### Task input ###

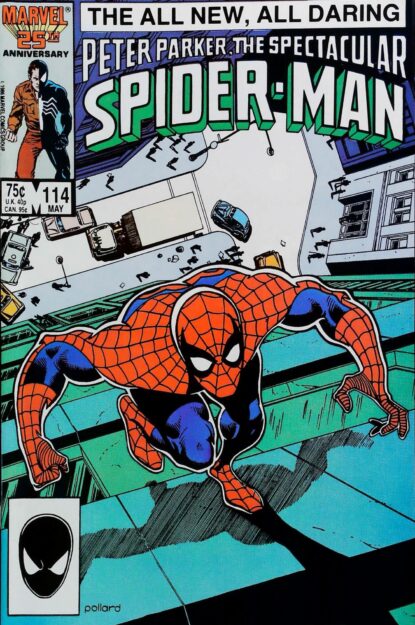 Couverture de SPECTACULAR SPIDER-MAN (1976) #114 - par Keith Pollard - lecubeacomics.com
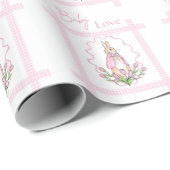Pink Bunny Baby Liebe Babydusche Geschenkpapier (Rolleneckpunkt)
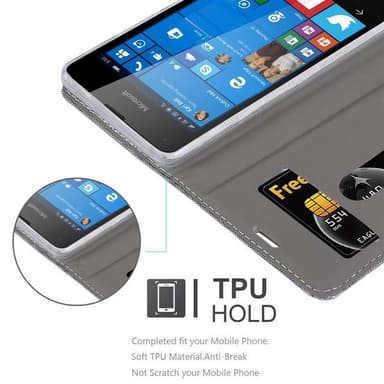 Nokia Lumia 550 Plånboksfodral Skal (Grå)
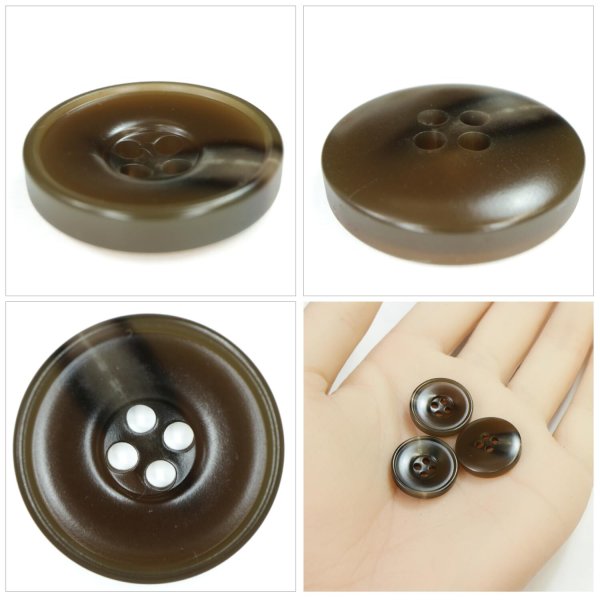 画像5: 樹脂ボタン マーブル柄【ブラウン】18mm 8個入 丸型 リム付き 4穴 手芸 服飾 付け替え きらきらぷんぷん丸 B-1993 (5)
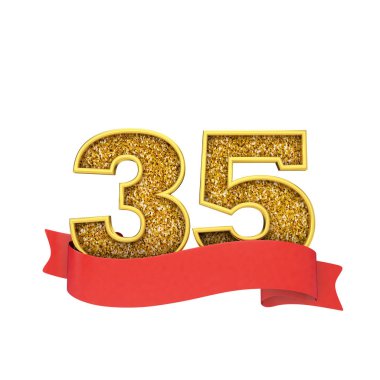 Kırmızı bir kaydırma afiş ile 35 numara altın glitter kutlama. 3d Render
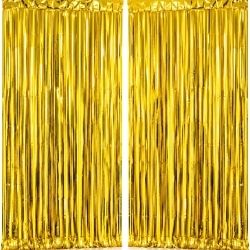 Cortina Decorativa Metalizada Dourada Fosca 100x200cm (PC/12un) Ref:HA547
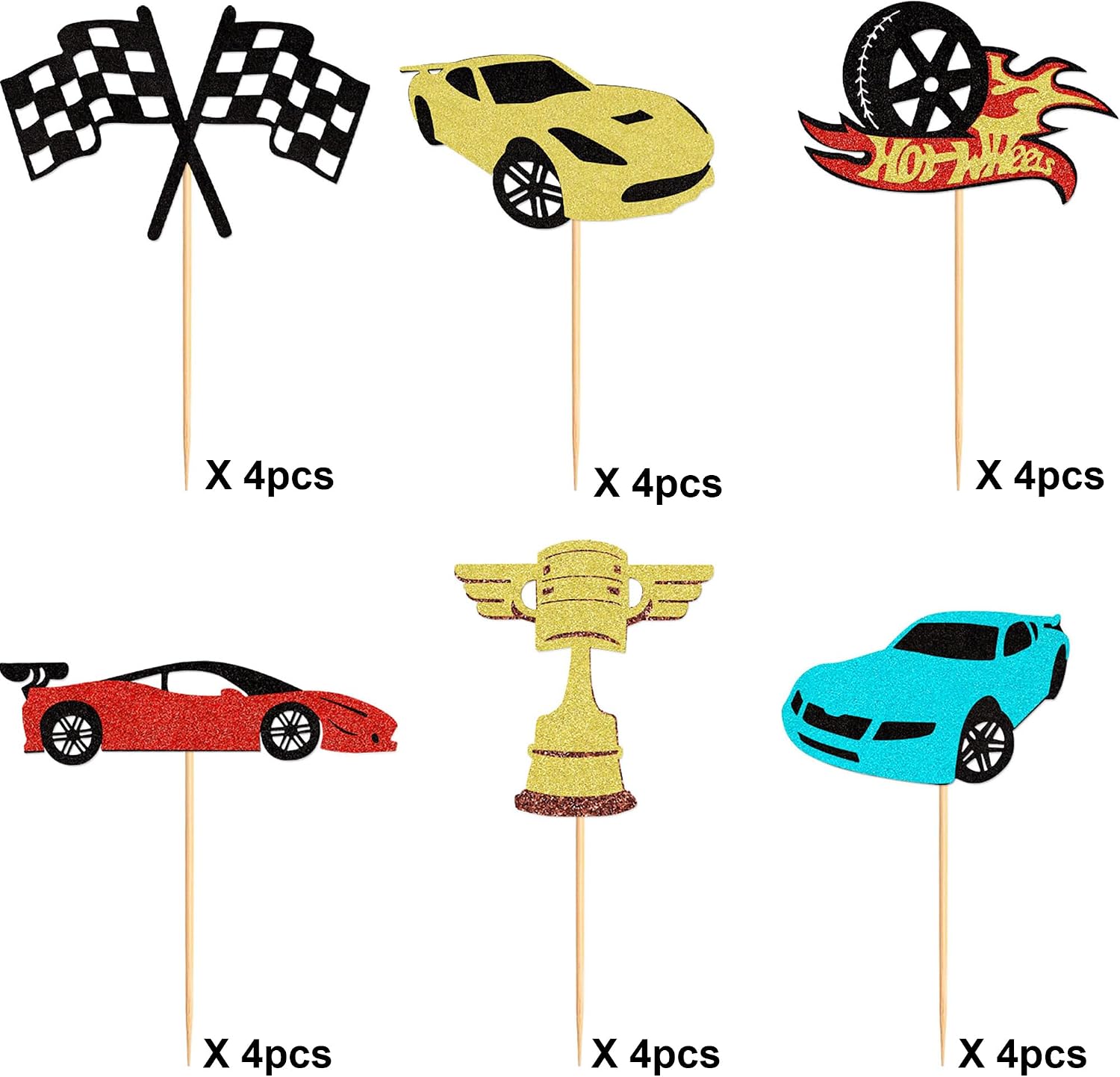 24Pcs Race Car Cupcake Toppers Glitter Trophy Flag Hot Wheel Racing Car Cupcake Picks for Let's Go Racing Sports Theme Baby Shower Birthday Cake Decorations Party Supplies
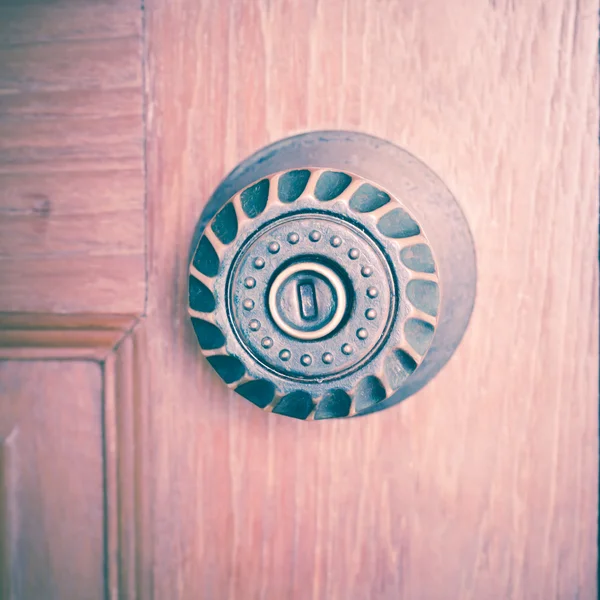 Door knob and key hole — Stock Photo, Image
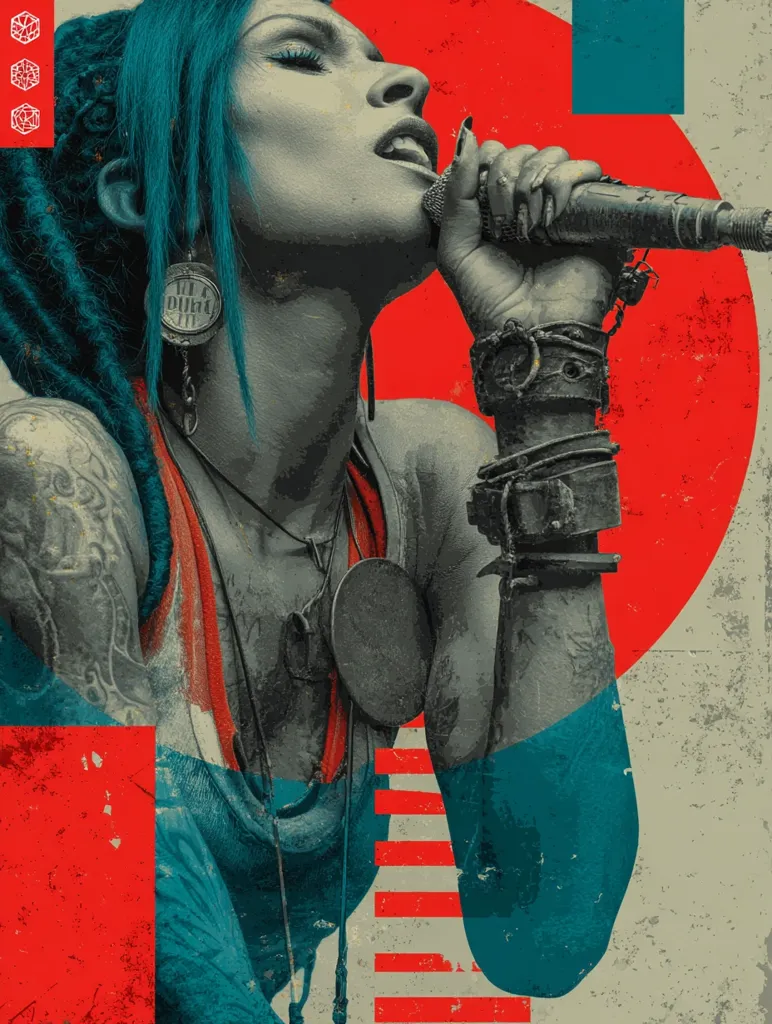 A stylized portrait of a woman with teal hair and tattoos singing into a microphone.  The image is composed of geometric shapes in red, teal, and beige, creating a grunge aesthetic.  Her expression is intense, and she wears layered jewelry and a sleeveless top. The overall style evokes a punk or alternative rock vibe.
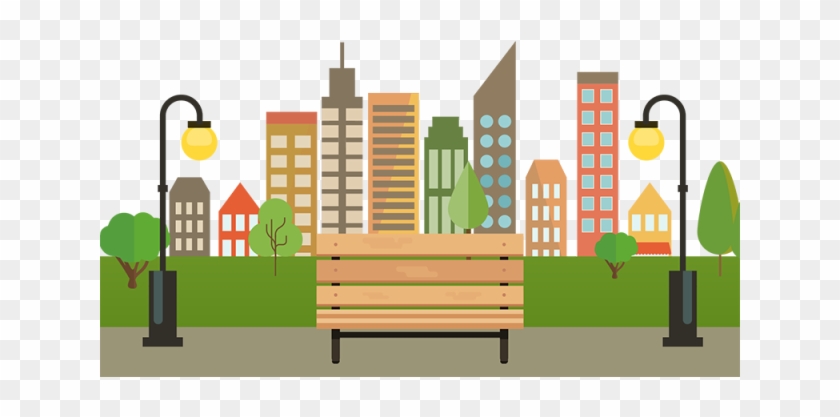 Colorful Building City With Bench Vector Png, City - City Road Logo Vector #986230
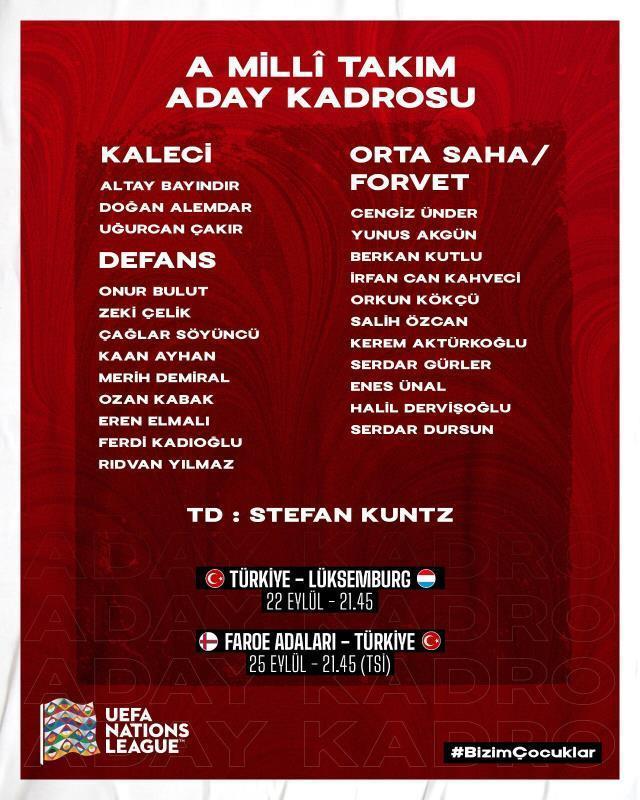 A Milli Takım'ın kadrosu belli oldu! Stefan Kuntz'un tercihleri futbolseverleri ayağa kaldırdı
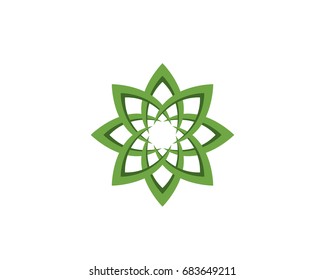 Vector leaves green nature logo and symbol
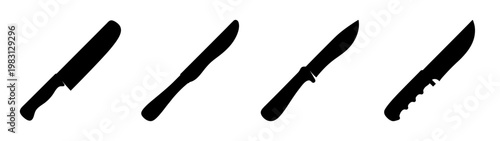 set of four sharp kitchen knives isolated on white background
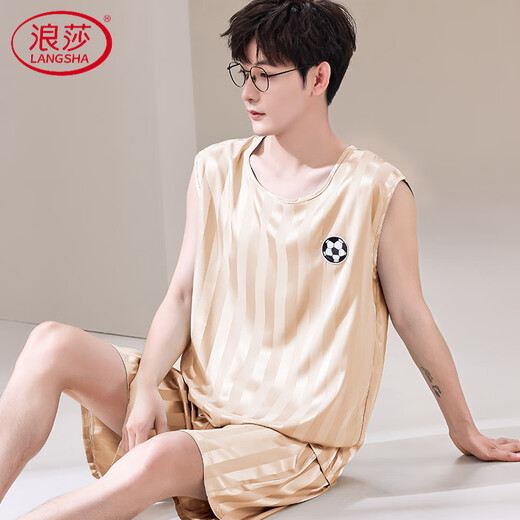 LangSha high-end pajamas men's vest sleeveless shorts two-piece suit summer thin ice silk cool quick-drying ball uniform large size [ice silk sleeveless suit] Q9901 L men [100-125Jin [Jin equals 0.5 kg]]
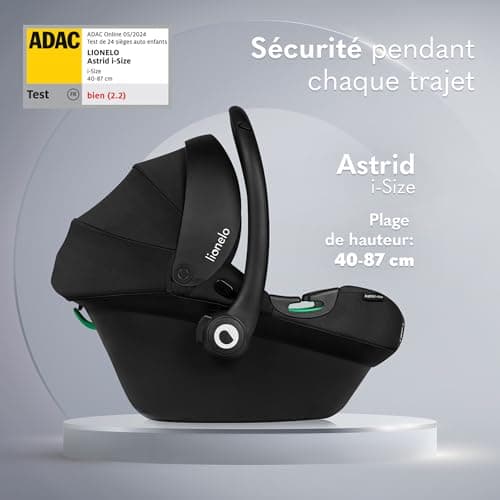 LIONELO ASTRID i-Size | Sécurité pour Enfants | Groupe 0+ | Montage Dos à la Route | Protection Latérale | Insert Dri-Se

###

**Task objective**
Every entry is to be transcribed exactly, but the pictures are to be left out.

**Task result**
 Couverture de SPECTACULAR SPIDER-MAN (1976) #114 - par Keith Pollard - lecubeacomics.com
Pink Bunny Baby Liebe Babydusche Geschenkpapier (Rolleneckpunkt)
 Nokia Lumia 550 Plånboksfodral Skal (Grå)
 画像5: 樹脂ボタン マーブル柄【ブラウン】18mm 8個入 丸型 リム付き 4穴 手芸 服飾 付け替え きらきらぷんぷん丸 B-1993 (5)
 Kırmızı bir kaydırma afiş ile 35 numara altın glitter kutlama. 3d Render
 Cortina Decorativa Metalizada Dourada Fosca 100x200cm (PC/12un) Ref:HA547
 24Pcs Race Car Cupcake Toppers Glitter Trophy Flag Hot Wheel Racing Car Cupcake Picks for Let's Go Racing Sports Theme Baby Shower Birthday Cake Decorations Party Supplies
 Door knob and key hole — Stock Photo, Image
 A stylized portrait of a woman with teal hair and tattoos singing into a microphone.  The image is composed of geometric shapes in red, teal, and beige, creating a grunge aesthetic.  Her expression is intense, and she wears layered jewelry and a sleeveless top. The overall style evokes a punk or alternative rock vibe.
 Colorful Building City With Bench Vector Png, City - City Road Logo Vector #986230
 A Milli Takım'ın kadrosu belli oldu! Stefan Kuntz'un tercihleri futbolseverleri ayağa kaldırdı
 Vector leaves green nature logo and symbol
 set of four sharp kitchen knives isolated on white background
 LangSha high-end pajamas men's vest sleeveless shorts two-piece suit summer thin ice silk cool quick-drying ball uniform large size [ice silk sleeveless suit] Q9901 L men [100-125Jin [Jin equals 0.5 kg]]
 LIONELO ASTRID i-Size | Sécurité pour Enfants | Groupe 0+ | Montage Dos à la Route | Protection Latérale | Insert Dri-Se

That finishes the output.